It sounds to me as though you have your head screwed on the right way. I made the bad mistake quite a few years ago of falling in love with a Thai girl for all the wrong reasons. Fortunately I didn't burn my bridges and was able to recover financially and in other ways when things went wrong.

A few years ago I met a another Thai girl, through mutual friends here in Australia, and we got married and have lived happily ever after.

One key thing is to be open and honest with each other, to understand and respect each other's cultures, and to trust each other totally. Yes, a lot of farang get burned because they get involved in situations they don't really understand, for all the wrong reasons. Thai girls get burned too.
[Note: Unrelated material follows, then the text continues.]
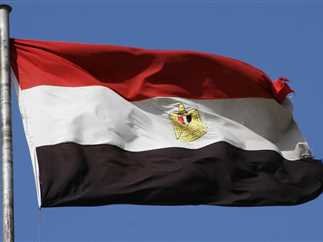 عاجل| مصادر تنفي ادعاءات الإعلام الإسرائيلي بوجود مقترح مصري لنقل سلاح حماس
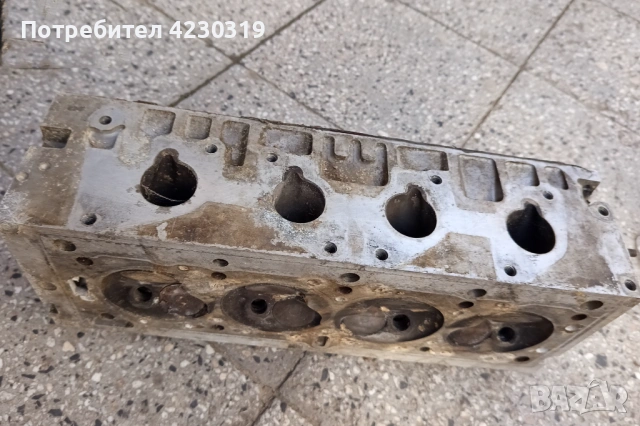 Рено Меган Сценик - бензин , 1600 кубика - 90 конски сили, снимка 2 - Автомобили и джипове - 53731008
On the issue of trust, I would trust my wife with my life, let alone something as relatively unimportant as money. If you stay in Thailand, you will need to be able to rely totally on your wife in some situations.

My wife is a few years younger than me, we are financially independent, and could live comfortably in Thailand...but my wife prefers us to stay in Australia for the forseeable future...she believes that I will "live longer here". She is probably right...she has a bit of a temper, which is unusual for Thai women, and she is smart enough to realise that that could cause problems for us back in Thailand.

A final word. Don't suddenly fall in love with Thailand. Get to know the place, warts and all, which will take about three years.....then, by all means, if you still like the place, fall in love with it.

I wish you the best of good fortune.